以上でFirebaseとCloud Vision APIの設定は完了です。
Swiftから文字認識を行う処理を解説します。
まず、Visionオブジェクトを初期化します
let vision = Vision.vision()
VisionCloudTextRecognizerOptionsを初期化、日本語と英語をセットします。
let options = VisionCloudTextRecognizerOptions()
options.languageHints = ["ja", "en"]
cloudTextRecognizer()メソッドを呼んでVisionTextRecognizerを生成します。
let textRecognizer = vision.cloudTextRecognizer(options: options)
UIImageからVisionImageオブジェクトを作成します。
let visionImage = VisionImage(image: image)

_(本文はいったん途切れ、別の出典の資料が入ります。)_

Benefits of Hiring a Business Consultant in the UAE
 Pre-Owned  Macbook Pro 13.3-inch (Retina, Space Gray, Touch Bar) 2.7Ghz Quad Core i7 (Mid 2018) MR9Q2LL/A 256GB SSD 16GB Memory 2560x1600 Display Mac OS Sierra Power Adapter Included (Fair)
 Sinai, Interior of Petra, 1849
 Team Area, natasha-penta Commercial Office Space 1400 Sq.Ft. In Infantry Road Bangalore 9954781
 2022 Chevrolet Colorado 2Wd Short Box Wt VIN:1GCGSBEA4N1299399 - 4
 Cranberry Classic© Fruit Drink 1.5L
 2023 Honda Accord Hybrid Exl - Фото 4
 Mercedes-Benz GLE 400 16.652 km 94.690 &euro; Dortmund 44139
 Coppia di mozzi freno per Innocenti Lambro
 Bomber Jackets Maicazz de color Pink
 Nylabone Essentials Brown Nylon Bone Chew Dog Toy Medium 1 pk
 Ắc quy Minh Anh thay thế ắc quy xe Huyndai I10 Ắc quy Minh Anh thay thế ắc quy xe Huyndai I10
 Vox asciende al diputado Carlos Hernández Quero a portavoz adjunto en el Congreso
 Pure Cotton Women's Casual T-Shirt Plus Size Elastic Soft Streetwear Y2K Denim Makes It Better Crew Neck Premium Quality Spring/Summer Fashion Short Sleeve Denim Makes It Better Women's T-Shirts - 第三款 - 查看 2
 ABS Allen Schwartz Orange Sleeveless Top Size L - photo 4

VisionTextRecognizerのprocess()メソッドにVisionImageオブジェクトを渡して文字認識を行います。
textRecognizer.process(visionImage)
UIImageの画像から文字認識を行う最小限のコードはこちらです。
import Firebase
func recognize(image: UIImage) {
let vision = Vision.vision()
let options = VisionCloudTextRecognizerOptions()
options.languageHints = ["ja", "en"]
let textRecognizer = vision.cloudTextRecognizer(options: options)
let visionImage = VisionImage(image: image)
textRecognizer.process(visionImage) { result, error in
guard error == nil, let result = result else {
return
}
print(result.text)
}
}
サンプルコードはこちらに置いておきます。
おわり
Firebaseから機械学習の文字認識機能を利用しました。手順が分かってしまえばとても簡単でしたね。